TASK INPUT:
● ● ● ●
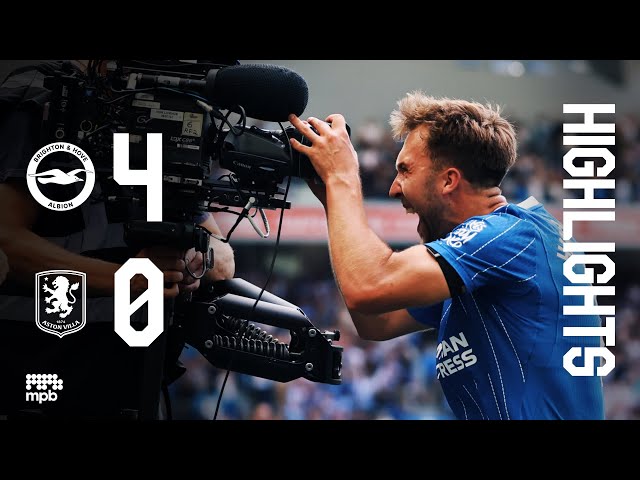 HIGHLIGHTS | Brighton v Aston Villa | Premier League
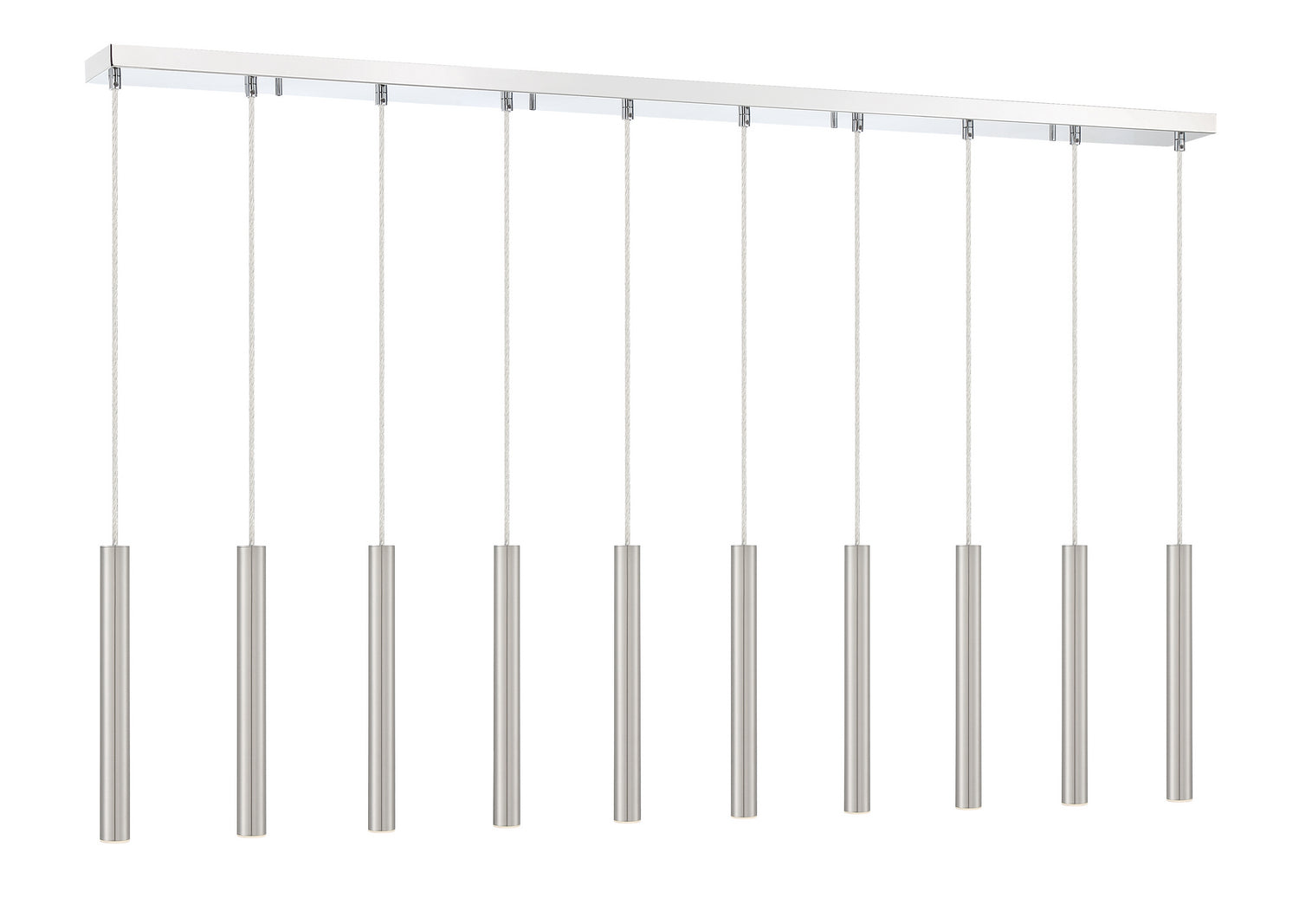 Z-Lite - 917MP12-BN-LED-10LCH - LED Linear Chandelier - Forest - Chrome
● ● ● ●
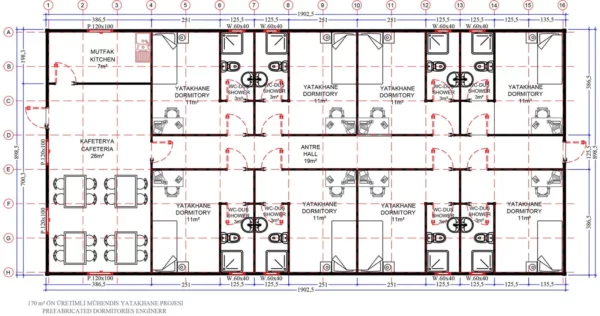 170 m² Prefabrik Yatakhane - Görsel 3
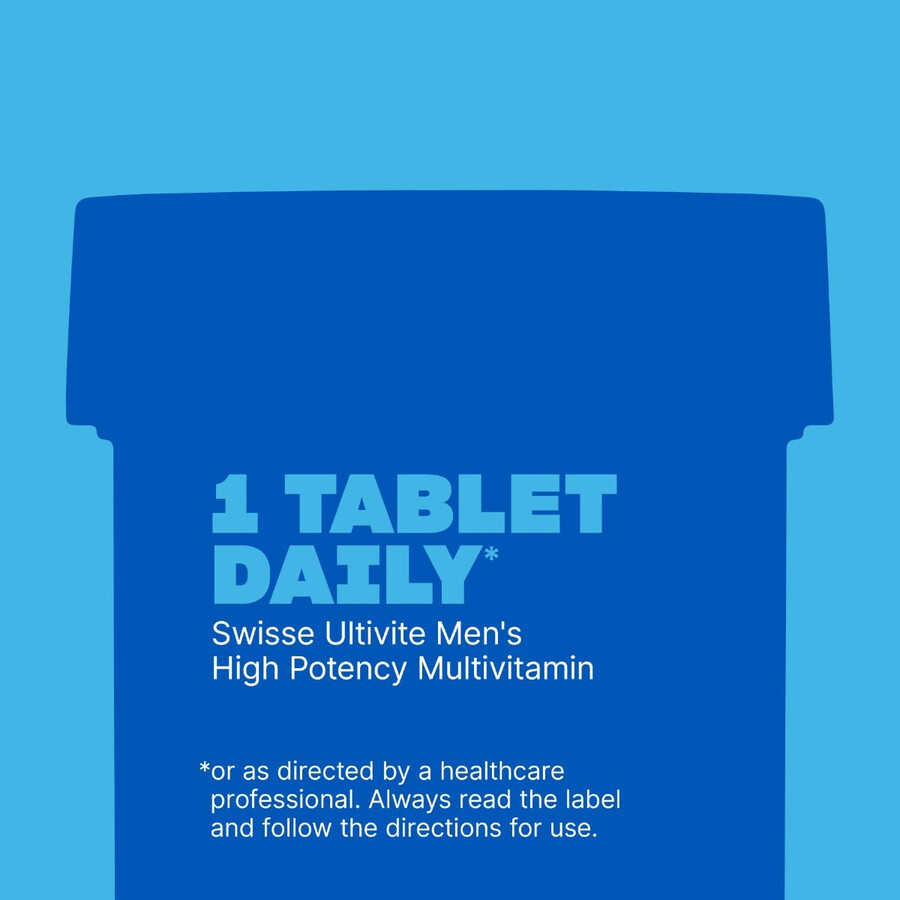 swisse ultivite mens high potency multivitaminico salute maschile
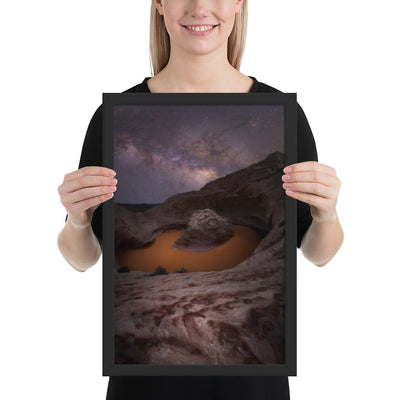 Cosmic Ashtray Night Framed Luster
● ● ● ●
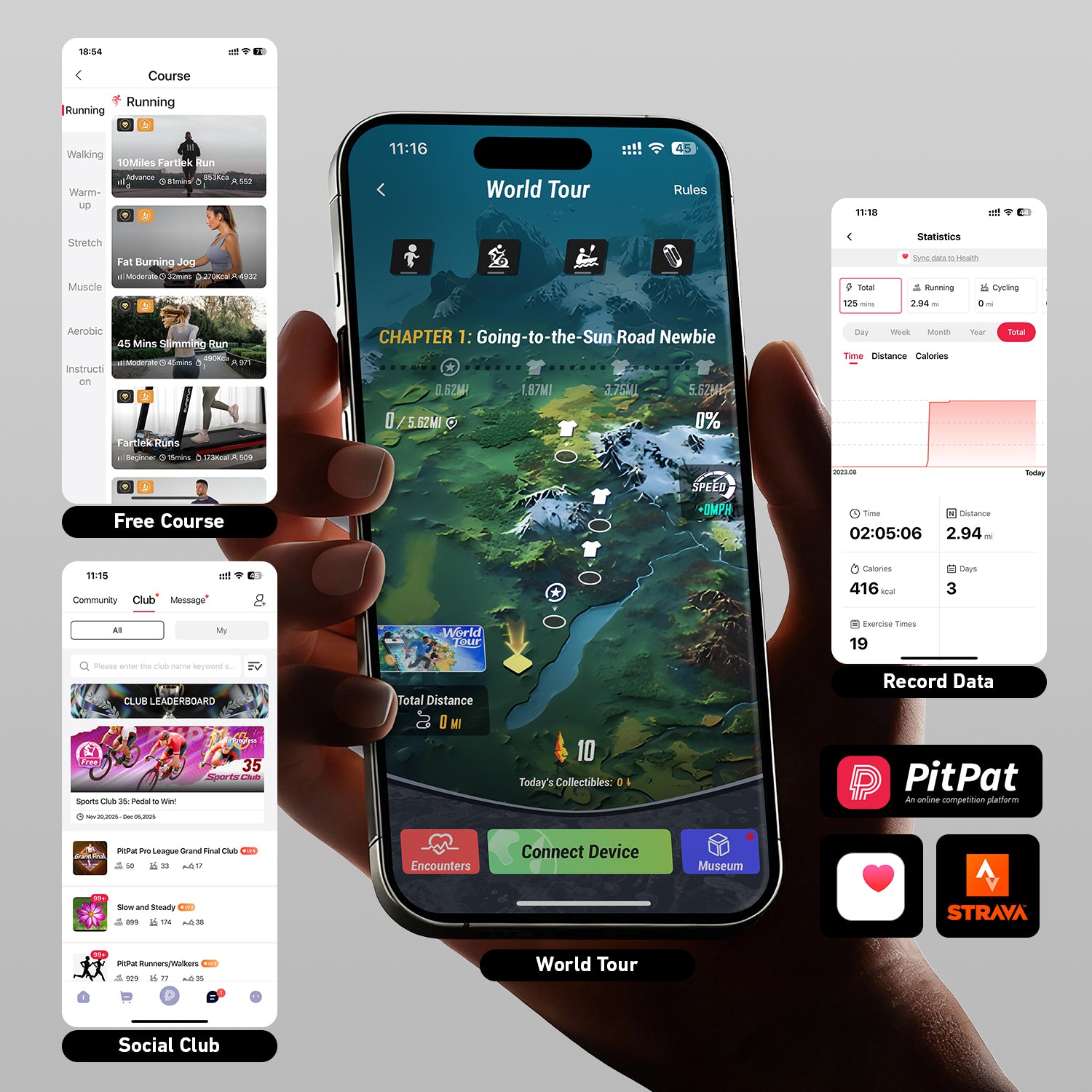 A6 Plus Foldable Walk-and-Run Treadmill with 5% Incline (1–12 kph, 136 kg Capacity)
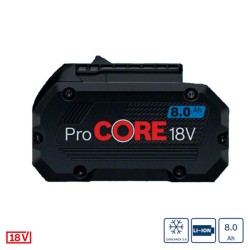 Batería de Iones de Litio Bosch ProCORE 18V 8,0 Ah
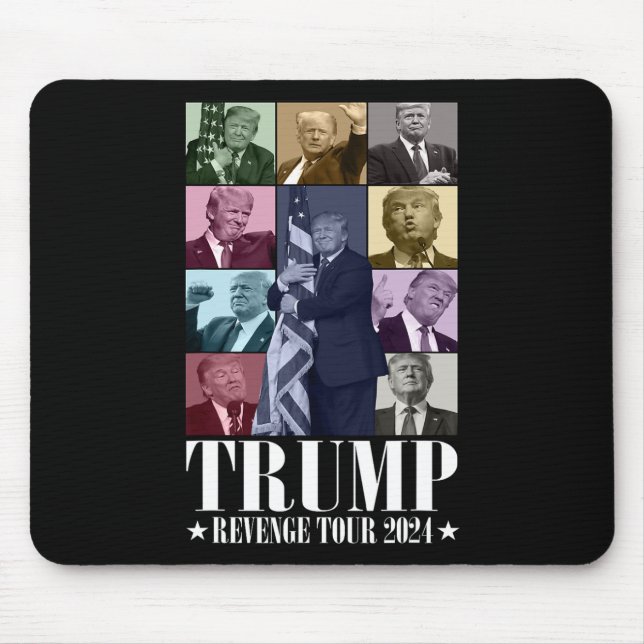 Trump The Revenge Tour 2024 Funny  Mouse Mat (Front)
● ● ● ●
DESCRIPTION OF THE TASK:
Leave out the images and write out the lines above exactly, from the one with "170 m² Prefabrik Yatakhane - Görsel 3" up to and including the one with "Cosmic Ashtray Night Framed Luster".

COMPLETED TASK:
 170 m² Prefabrik Yatakhane - Görsel 3
 swisse ultivite mens high potency multivitaminico salute maschile
 Cosmic Ashtray Night Framed Luster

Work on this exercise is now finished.